→ **What is being asked**
Please retype the entries exactly as they stand, leaving out any pictures.

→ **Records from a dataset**
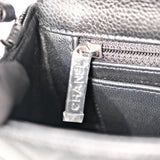 Chanel Mini Rectangle Black Caviar SHW - s20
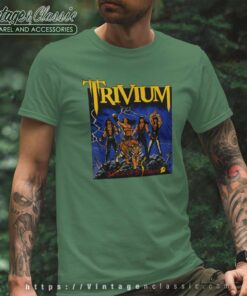 Trivium Kings Of Streaming T Shirt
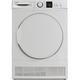 מייבש כביסה קונדנסור פתח חזית 8 ק"ג FUJICOM FJ DC278- גימור לבן אחריות ע"י היבואן הרשמי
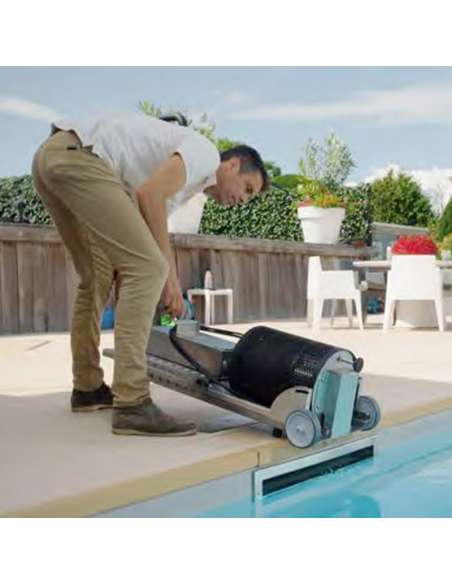 Nadador contracorriente portable evastream move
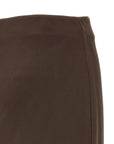 Brunello Cucinelli Brunello Cucinelli Slit Skirt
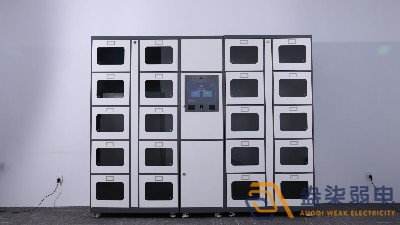 智能手機(jī)存放柜，在工廠中的普及與應(yīng)用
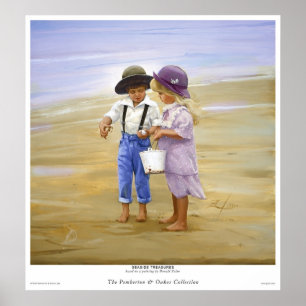 Poster Trésors de bord de mer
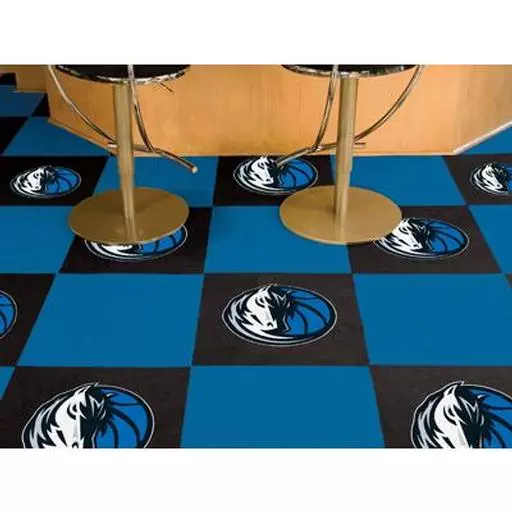 Dallas Mavericks Carpet Tiles 18"x18" tiles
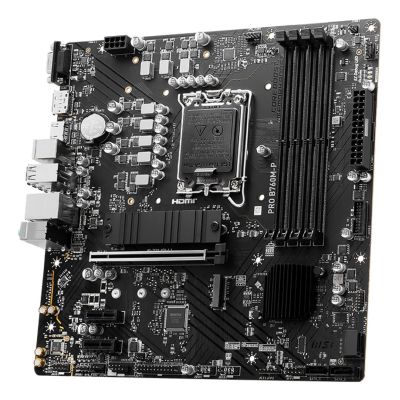 3. MSI PRO B760M-P motherboard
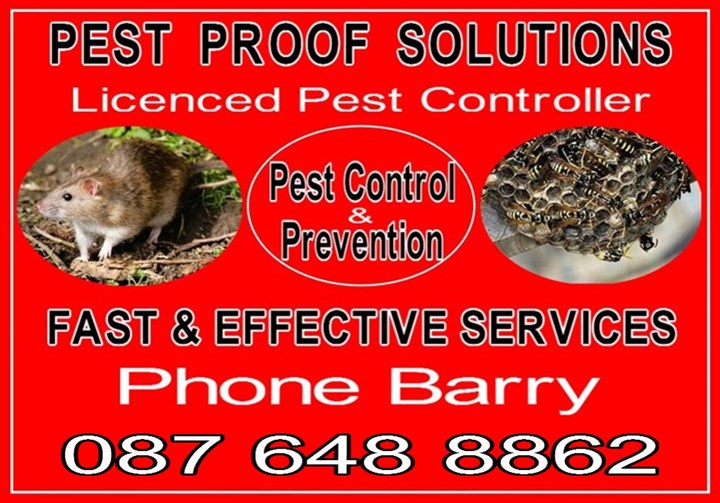 Pest control Dundalk, logo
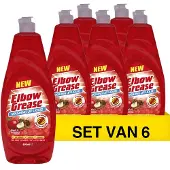 Elbow Grease Aanbieding: afwasmiddel Apple Cinnamon (6 flessen van 600 ml)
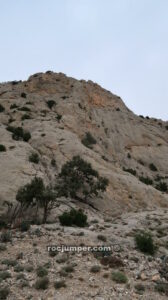 Inicio - Vía Ferrata Peña Palomera - Torremocha de Jiloca - RocJumper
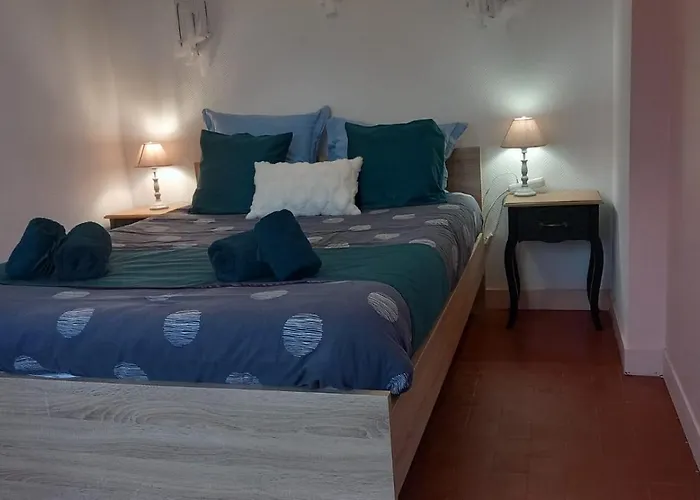 Gîte Au Gré du Canal ZOO Beauval Parking Ménage et draps inclus 4 pers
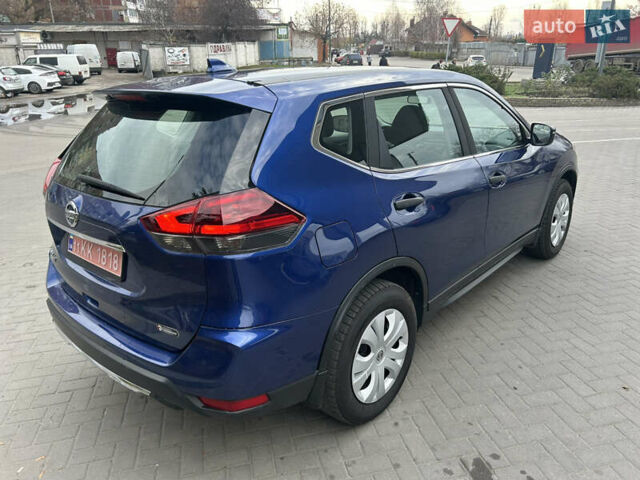 Синій Ніссан Rogue, об'ємом двигуна 2.49 л та пробігом 183 тис. км за 13300 $, фото 15 на Automoto.ua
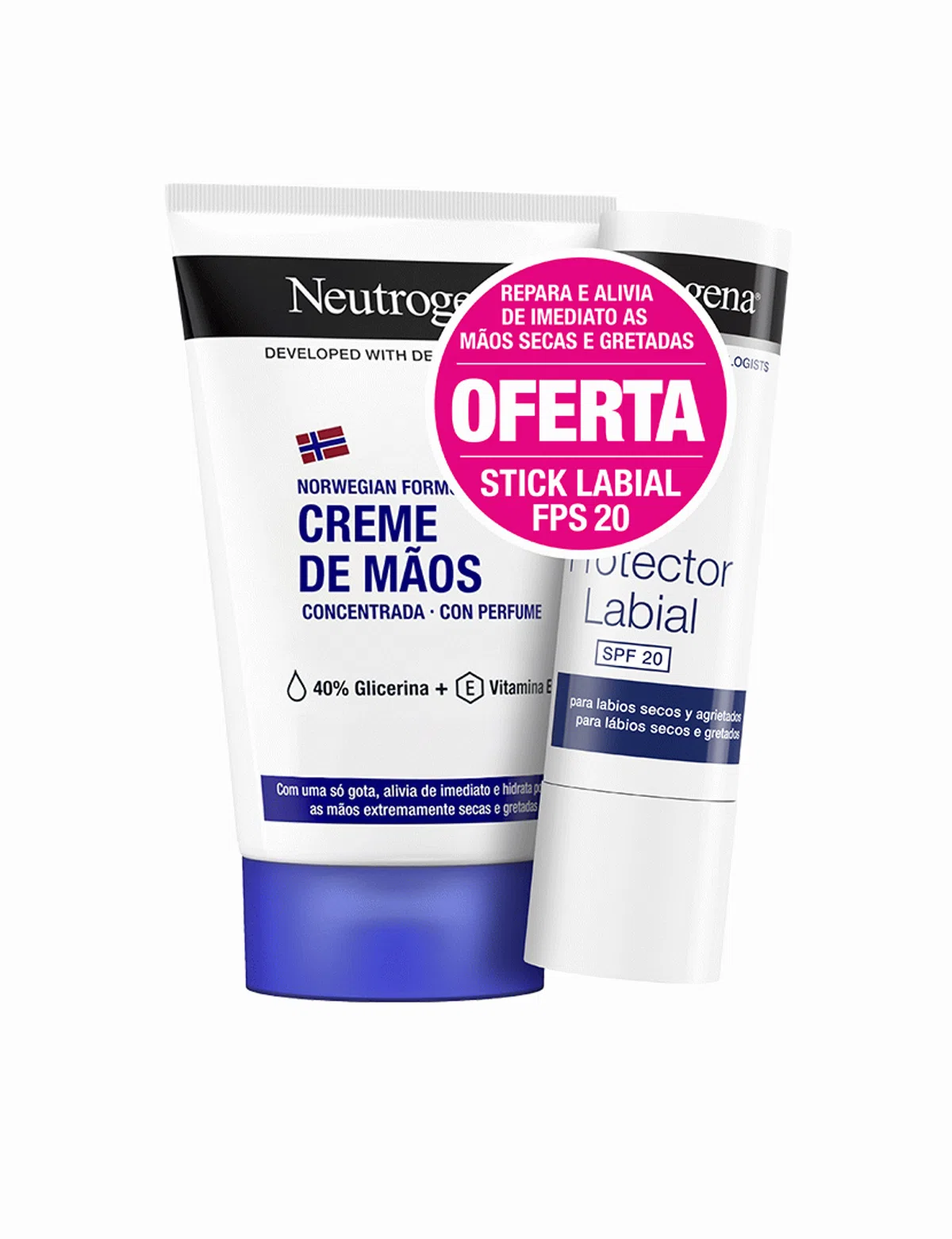 Creme de Mãos Concentrado Neutrogena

→ **Answer below**
 Chanel Mini Rectangle Black Caviar SHW - s20
 Trivium Kings Of Streaming T Shirt
 מייבש כביסה קונדנסור פתח חזית 8 ק"ג FUJICOM FJ DC278- גימור לבן אחריות ע"י היבואן הרשמי
 Nadador contracorriente portable evastream move
 Brunello Cucinelli Brunello Cucinelli Slit Skirt
 智能手機(jī)存放柜，在工廠中的普及與應(yīng)用
 Poster Trésors de bord de mer
 Dallas Mavericks Carpet Tiles 18"x18" tiles
 3. MSI PRO B760M-P motherboard
 Pest control Dundalk, logo
 Elbow Grease Aanbieding: afwasmiddel Apple Cinnamon (6 flessen van 600 ml)
 Inicio - Vía Ferrata Peña Palomera - Torremocha de Jiloca - RocJumper
 Gîte Au Gré du Canal ZOO Beauval Parking Ménage et draps inclus 4 pers
 Синій Ніссан Rogue, об'ємом двигуна 2.49 л та пробігом 183 тис. км за 13300 $, фото 15 на Automoto.ua
 Creme de Mãos Concentrado Neutrogena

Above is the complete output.